Non è una novità che il calcio italiano sia ammalato di provincialismo e di ipocrisia. Lo abbiamo sotto gli occhi ogni domenica quando un giocatore segna alla sua vecchia squadra. Si produce in grandi sforzi per non esultare, quando avrebbe una grande idea una voglia di saltare, urlare, fare piroette. E quando qualcuno, al contrario, fa il suo dovere di calciatore dopo un gol, cioè esultando, è accusato di non essere rispettoso perché bisogna esserlo contro l’avversario, soprattutto se ha indossato la sua maglia.
E’ innegabile che sia un tema poco appassionante, ma per svelare tanta ipocrisia basta prendere come argomento il passaggio all’Inter (che per i tifosi bianconeri è il male assoluto) di Beppe Marotta, apprezzato e vincente manager dalla Juventus (rapporti interrotti bruscamente). Bene, di là dalla singolarità, per i tifosi, di sentire un dirigente che ha fatto grande la Juve dire, il giorno di presentazione, che il suo compito è di far ritornare grande l’Inter, tutto dovrebbe rientrare in una normale dinamica e moderna visione del calcio d’oggi. Sarebbe troppo facile.
E a dare la stura alla polemichetta è stato Pavel Nedved, vicepresidente della Juve, compagno affezionato in tribuna e in abbracci su tutti i campi d’Italia e d’Europa: “Si vede che Beppe non era juventino”. In sovrappiù i siti di tanti giornali hanno consegnato ai tifosi le foto di Marotta che si abbraccia con Zanetti e i nuovi compagni di avventura dopo la sofferta vittoria dell’Inter contro l’Udinese, facendo passare l’immagine come un fatto straordinario.
Nell’ambiente calcio tutti si sciacquano la bocca con la parola professionismo, ma non ne intendono il termine.
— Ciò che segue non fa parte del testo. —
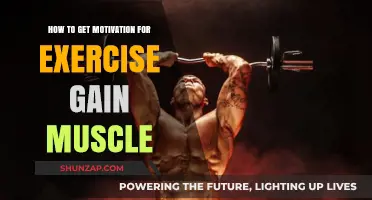 Unlock Your Fitness Drive: Tips to Stay Motivated and Build Muscle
Un manager professionista non fa altro che inseguire uno scopo, cioè migliorare la produttività dell’azienda per cui lavora e felicitarsi per i successi conseguiti. Punto e basta. Beppe Marotta ha lavorato con dedizione ottenendo successi straordinari alla Juve ed ha voltato pagina. Nessuno si meravigliò, anni fa, quando in tribuna esultò dopo una vittoria contro la Sampdoria, la sua squadra precedente, ma tutti si torcono le budella perché ha esultato in tribuna a San Siro per un golletto dell’Inter. Pura ipocrisia.
Probabilmente Marotta non è mai stato sampdoriano (dopo tanti anni), non lo è stato juventino (come dice Nedved), non lo sarà per sempre, tranne questa parentesi, nerazzurro. E’ soltanto un manager che fa il suo dovere, come lo è il calciatore che fa gol per la propria squadra e che per rispetto dovrebbe esultare lasciando esplodere la propria lecita felicità. Come dire: “Ho fatto gol per voi e sono stato felice, ora faccio gol per i vostri avversari e voglio essere libero di gioire”. Ecco, Beppe Marotta ha tutto il diritto di festeggiare e di lavorare per far dire a Nedved: “Beppe Marotta è interista”.